«Некогда... я задумал создать цикл более-менее связанных между собой легецд — от преданий глобального, космогонического масштаба до романтической волшебной истории — так, чтобы великие мифы принадлежали земле меньших сказаний, а эти последние, в свою очередь, черпали великолепие из великих легенд... Я хотел, чтобы предания эти несли в себе ясный, холодный дух Северо-Западных европейских сказаний... чтобы они обладали волшебной, неуловимой красотой, которую некоторые зовут кельтской (если бы только я сумел этого достичь)... и чтобы при этом они были «высоки», очищены от всего грубого, вульгарного, непристойного и обращены к более зрелым умам земли, проникнутой поэзией издревле. Важнейшие из легецд я представил бы полностью, а многие другие наметил бы лишь схематически — и объединил циклы в некое величественное целое... Вот абсурд!» — писал Толкин М. Ваддману.
Абсурд? Ненужная сложность?
Набросок Толкина (обложка для первого тома «Властелина Колец»
Но живой, истинный мир должен иметь свою мифологию, память, песни, легенды, потому что его история должна говорить, звучать — и потому он должен обрести свои языки, знаки, мифы и имена.
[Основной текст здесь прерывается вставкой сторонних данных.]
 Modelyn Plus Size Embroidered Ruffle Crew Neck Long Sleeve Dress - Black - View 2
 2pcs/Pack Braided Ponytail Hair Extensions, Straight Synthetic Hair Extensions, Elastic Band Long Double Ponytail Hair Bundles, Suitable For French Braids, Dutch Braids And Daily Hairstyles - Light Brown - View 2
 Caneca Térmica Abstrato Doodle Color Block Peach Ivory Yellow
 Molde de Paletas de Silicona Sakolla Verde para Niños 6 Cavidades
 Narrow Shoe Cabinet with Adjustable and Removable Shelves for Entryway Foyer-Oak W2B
Более полувека Толкин всматривался в его ускользающие очертания. «Создание языков — это основа всего. Скорее, «повествования» нужны мне для того, чтобы явился мир, подходящий для их языков, нежели наоборот. Сначала приходит имя, а история следом. Хотел бы я написать ее по-эльфийски» (цитата из письма Толкина к американским издателям Houghton Mifflin Со.). На бумагу рядом со страницами «легендариума» ложились этимологии, история древних языков, вплетенная в циклы сказаний, эхо произнесенных слов, варианты легенд... Одно и то же предание записывалось таким, как его помнили Бессмертные, и таким, как рассказывалось у Людей, забывших свое родство, и таким, как было записано в книгах древних союзников Эльфов — не потому, что того настоятельно требовал какой-то сюжет, а потому, что такова суть истории Мира, Земли, которую Эльфы зовут Ардой.
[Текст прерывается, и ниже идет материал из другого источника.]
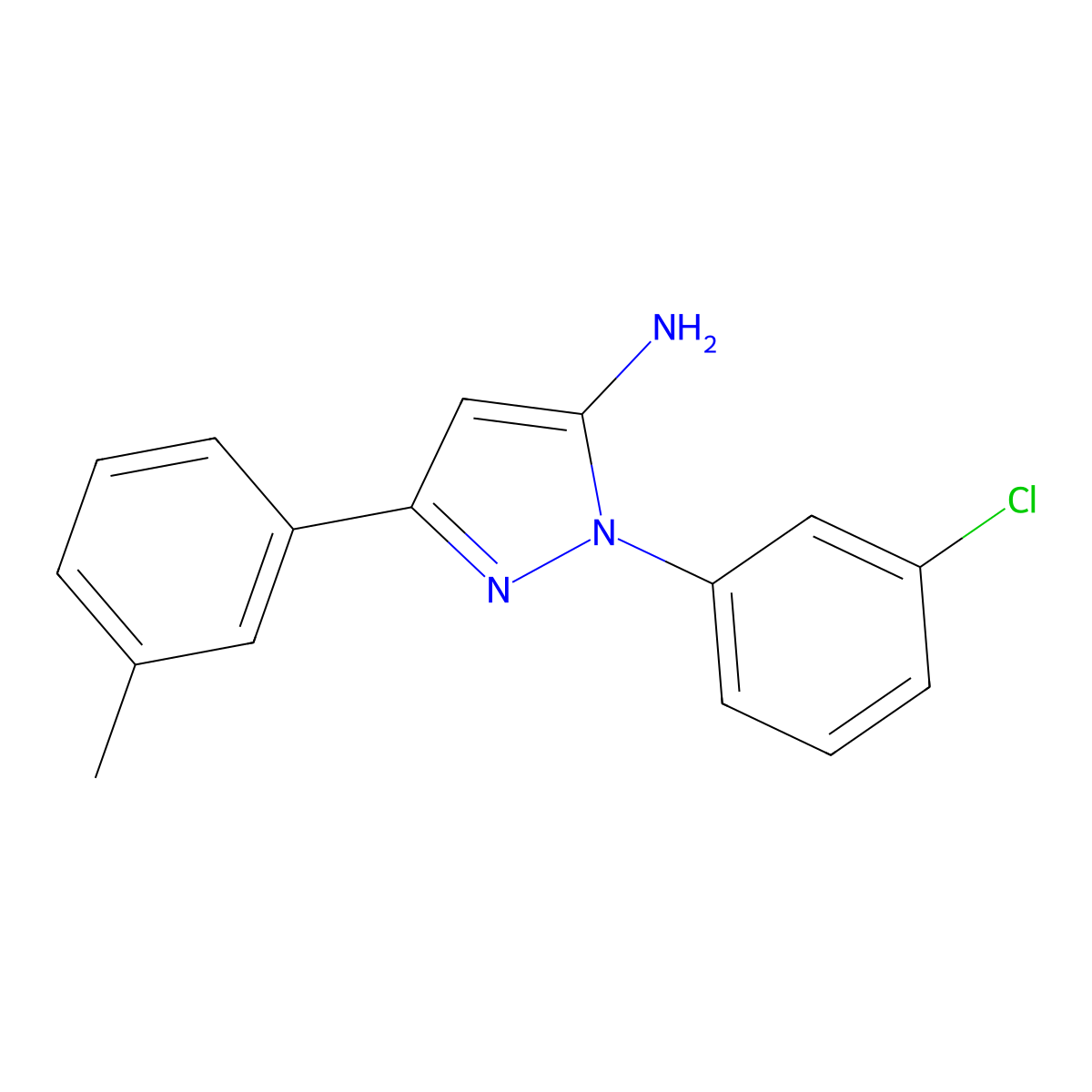 1-(3-Chlorophenyl)-3-(3-methylphenyl)-1H-pyrazol-5-amine molecular structure, CAS 618098-32-1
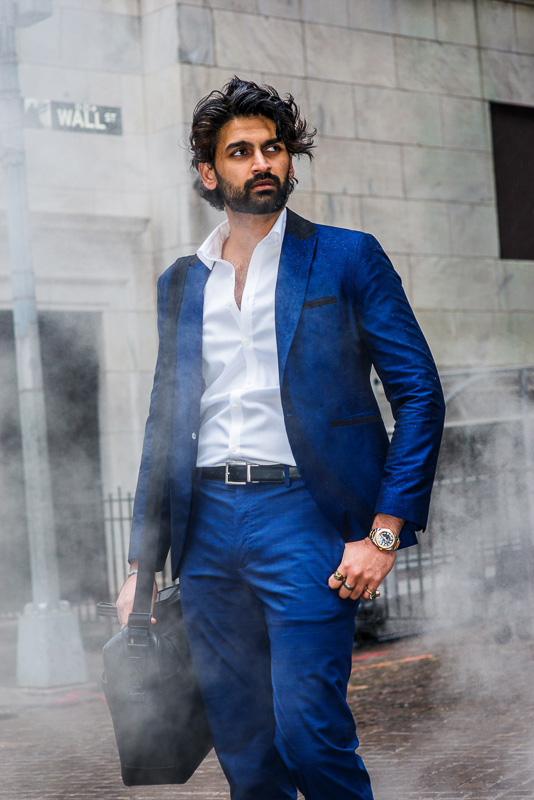 Walking Through Fog in New York Wall Street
Кажется, именно возле этой черты литературоведческий метод теряет свою эффективность: как правило, представления о сути миропорядка и о природе вещей подлежат ведению иных дисциплин. Толкин верил, что творения человеческой фантазии, воплощенные результаты духовных исканий не только отражают известную нам реальность, но в каком-то смысле воздействуют на нее: «Я не думаю, что вообще кто-нибудь из нас понимает силу великих легенд... Но материя мифов — взрывчатое вещество: то тлеет едва, согревая душу ровным, спокойным теплом; а то вдруг, получив некий импульс, взрывается, сокрушая порядок даже в реальном мире»,— написал он в своей неоконченной повести «Записки клуба “Мнение”».
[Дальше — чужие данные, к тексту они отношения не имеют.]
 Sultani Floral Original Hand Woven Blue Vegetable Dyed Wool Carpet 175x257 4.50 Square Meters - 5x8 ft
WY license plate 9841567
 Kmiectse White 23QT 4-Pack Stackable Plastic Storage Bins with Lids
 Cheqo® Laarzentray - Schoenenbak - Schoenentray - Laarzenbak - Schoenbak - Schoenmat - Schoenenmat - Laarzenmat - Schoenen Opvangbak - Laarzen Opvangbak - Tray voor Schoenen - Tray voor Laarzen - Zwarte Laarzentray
Один из корреспондентов Толкина, Питер Хастингс, выражая в письме восхищение эпопеей «Властелин Колец», тем не менее спрашивал, не переступил ли автор в своей книге неких «границ в метафизическом плане»: сам Хастингс предполагал, что «человек искусства, творец, не должен искать иных путей, кроме тех, которые, как известно, уже были использованы Творцом, Создателем».
Толкин ответил: «Я считаю, что использование иных путей, нежели те, «что уже были использованы», и есть основная задача искусства — это возможность, данная нам в безграничной свободе Творца, и воистину одно из ее проявлений».
Наиболее распространенное обвинение, которое приходится слышать в адрес произведений Толкина,— эскапизм (литературоведческий термин — «бегство от действительности»): его книги не отражают «опыта взрослого человека в познании мира», поскольку при чтении с очевидностью ощущается несоответствие законов толкиновского мира «основным характеристикам реальности» (анонимный обозреватель в Punch, 16 ноября, 1966).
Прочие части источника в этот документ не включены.